What the task requires:
Only the lines from the one containing "1件波西米亚风夏季沙滩几何圆形仿珍珠时尚女士腰链，百搭优雅吊坠身体链，适合搭配比基尼 - 金色" through the last line of the data are to be written out, exactly and in full.

Provided entries:
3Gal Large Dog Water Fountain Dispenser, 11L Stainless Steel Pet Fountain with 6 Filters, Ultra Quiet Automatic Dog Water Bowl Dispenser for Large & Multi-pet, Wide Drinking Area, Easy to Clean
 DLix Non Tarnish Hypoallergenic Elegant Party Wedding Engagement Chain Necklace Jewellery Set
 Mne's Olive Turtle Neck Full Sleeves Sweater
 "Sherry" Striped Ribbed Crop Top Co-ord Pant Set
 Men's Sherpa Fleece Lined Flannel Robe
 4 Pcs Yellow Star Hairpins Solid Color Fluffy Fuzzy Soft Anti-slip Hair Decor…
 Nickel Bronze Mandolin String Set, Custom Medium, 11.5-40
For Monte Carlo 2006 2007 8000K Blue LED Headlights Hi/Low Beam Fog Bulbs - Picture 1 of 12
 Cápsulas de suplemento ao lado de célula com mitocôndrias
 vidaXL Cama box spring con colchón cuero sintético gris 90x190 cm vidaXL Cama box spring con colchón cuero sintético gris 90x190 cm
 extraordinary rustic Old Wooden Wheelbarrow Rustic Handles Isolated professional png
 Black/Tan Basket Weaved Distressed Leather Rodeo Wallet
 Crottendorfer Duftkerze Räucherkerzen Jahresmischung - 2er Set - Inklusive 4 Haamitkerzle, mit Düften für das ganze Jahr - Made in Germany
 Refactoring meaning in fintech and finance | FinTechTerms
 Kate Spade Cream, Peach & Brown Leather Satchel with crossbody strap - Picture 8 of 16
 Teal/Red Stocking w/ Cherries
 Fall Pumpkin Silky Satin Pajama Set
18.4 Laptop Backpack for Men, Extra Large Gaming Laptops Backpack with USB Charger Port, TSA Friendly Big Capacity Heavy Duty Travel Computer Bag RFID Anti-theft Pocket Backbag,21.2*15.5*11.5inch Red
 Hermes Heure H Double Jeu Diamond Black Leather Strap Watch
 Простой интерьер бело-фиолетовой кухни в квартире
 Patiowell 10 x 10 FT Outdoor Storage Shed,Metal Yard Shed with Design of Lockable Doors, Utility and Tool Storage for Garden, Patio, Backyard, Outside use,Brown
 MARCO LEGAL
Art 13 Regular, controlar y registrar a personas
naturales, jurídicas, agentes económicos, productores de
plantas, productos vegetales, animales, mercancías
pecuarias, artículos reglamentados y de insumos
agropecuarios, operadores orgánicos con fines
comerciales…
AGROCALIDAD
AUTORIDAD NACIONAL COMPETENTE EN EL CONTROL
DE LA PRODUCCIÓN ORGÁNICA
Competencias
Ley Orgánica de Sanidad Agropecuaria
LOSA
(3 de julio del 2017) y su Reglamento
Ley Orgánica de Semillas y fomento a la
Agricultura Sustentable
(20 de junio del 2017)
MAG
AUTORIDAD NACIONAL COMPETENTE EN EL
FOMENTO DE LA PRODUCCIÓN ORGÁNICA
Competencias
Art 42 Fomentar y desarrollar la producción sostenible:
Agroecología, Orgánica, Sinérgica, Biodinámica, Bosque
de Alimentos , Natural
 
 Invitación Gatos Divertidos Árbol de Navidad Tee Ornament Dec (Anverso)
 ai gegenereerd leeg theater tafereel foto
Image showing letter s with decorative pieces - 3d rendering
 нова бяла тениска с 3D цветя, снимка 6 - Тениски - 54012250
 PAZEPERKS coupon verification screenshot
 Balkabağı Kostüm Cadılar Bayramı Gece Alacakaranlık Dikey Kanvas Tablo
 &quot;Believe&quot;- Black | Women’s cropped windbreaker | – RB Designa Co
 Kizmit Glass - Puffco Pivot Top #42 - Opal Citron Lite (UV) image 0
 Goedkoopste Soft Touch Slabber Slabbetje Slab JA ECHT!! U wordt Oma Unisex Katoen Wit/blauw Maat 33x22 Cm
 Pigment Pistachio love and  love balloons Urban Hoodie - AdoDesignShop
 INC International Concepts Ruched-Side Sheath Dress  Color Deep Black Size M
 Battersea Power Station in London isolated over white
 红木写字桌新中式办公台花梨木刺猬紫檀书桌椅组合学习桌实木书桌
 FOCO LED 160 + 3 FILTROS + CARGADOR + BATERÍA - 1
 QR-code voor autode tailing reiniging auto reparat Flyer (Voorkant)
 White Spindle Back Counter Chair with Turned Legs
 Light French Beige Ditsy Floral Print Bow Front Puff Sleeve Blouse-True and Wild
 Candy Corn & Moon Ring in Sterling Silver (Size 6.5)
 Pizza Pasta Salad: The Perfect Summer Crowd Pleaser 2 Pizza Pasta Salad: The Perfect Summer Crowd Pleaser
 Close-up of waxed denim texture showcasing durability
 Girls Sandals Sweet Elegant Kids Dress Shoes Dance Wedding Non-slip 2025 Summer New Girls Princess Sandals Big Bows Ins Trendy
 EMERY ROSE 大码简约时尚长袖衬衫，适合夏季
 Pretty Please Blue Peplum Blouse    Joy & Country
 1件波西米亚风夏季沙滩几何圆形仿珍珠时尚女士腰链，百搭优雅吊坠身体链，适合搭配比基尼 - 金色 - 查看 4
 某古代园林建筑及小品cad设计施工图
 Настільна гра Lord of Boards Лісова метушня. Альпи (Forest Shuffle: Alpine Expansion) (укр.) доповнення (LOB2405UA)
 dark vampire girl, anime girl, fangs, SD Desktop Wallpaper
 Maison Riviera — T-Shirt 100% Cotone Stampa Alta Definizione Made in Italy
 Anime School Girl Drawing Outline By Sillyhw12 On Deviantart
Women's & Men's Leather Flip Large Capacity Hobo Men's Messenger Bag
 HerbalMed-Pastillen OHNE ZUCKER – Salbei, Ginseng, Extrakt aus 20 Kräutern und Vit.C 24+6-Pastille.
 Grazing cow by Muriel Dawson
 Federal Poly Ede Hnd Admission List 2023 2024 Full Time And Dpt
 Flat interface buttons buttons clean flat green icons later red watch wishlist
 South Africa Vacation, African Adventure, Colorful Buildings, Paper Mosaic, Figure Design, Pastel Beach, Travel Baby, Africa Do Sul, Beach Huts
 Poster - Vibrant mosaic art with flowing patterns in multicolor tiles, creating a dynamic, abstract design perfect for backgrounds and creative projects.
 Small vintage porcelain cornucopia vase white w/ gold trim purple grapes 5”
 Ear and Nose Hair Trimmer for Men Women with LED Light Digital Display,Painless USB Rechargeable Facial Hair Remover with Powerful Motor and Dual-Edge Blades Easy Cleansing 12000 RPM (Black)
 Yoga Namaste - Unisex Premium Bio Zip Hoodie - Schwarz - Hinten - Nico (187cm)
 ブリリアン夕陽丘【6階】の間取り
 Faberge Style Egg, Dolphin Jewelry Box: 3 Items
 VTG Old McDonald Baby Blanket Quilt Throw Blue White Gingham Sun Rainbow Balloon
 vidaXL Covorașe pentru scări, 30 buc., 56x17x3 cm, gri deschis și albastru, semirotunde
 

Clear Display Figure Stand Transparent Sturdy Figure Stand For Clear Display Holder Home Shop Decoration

Exercise solution:
 1件波西米亚风夏季沙滩几何圆形仿珍珠时尚女士腰链，百搭优雅吊坠身体链，适合搭配比基尼 - 金色 - 查看 4
 某古代园林建筑及小品cad设计施工图
 Настільна гра Lord of Boards Лісова метушня. Альпи (Forest Shuffle: Alpine Expansion) (укр.) доповнення (LOB2405UA)
 dark vampire girl, anime girl, fangs, SD Desktop Wallpaper
 Maison Riviera — T-Shirt 100% Cotone Stampa Alta Definizione Made in Italy
 Anime School Girl Drawing Outline By Sillyhw12 On Deviantart
Women's & Men's Leather Flip Large Capacity Hobo Men's Messenger Bag
 HerbalMed-Pastillen OHNE ZUCKER – Salbei, Ginseng, Extrakt aus 20 Kräutern und Vit.C 24+6-Pastille.
 Grazing cow by Muriel Dawson
 Federal Poly Ede Hnd Admission List 2023 2024 Full Time And Dpt
 Flat interface buttons buttons clean flat green icons later red watch wishlist
 South Africa Vacation, African Adventure, Colorful Buildings, Paper Mosaic, Figure Design, Pastel Beach, Travel Baby, Africa Do Sul, Beach Huts
 Poster - Vibrant mosaic art with flowing patterns in multicolor tiles, creating a dynamic, abstract design perfect for backgrounds and creative projects.
 Small vintage porcelain cornucopia vase white w/ gold trim purple grapes 5”
 Ear and Nose Hair Trimmer for Men Women with LED Light Digital Display,Painless USB Rechargeable Facial Hair Remover with Powerful Motor and Dual-Edge Blades Easy Cleansing 12000 RPM (Black)
 Yoga Namaste - Unisex Premium Bio Zip Hoodie - Schwarz - Hinten - Nico (187cm)
 ブリリアン夕陽丘【6階】の間取り
 Faberge Style Egg, Dolphin Jewelry Box: 3 Items
 VTG Old McDonald Baby Blanket Quilt Throw Blue White Gingham Sun Rainbow Balloon
 vidaXL Covorașe pentru scări, 30 buc., 56x17x3 cm, gri deschis și albastru, semirotunde
 

Clear Display Figure Stand Transparent Sturdy Figure Stand For Clear Display Holder Home Shop Decoration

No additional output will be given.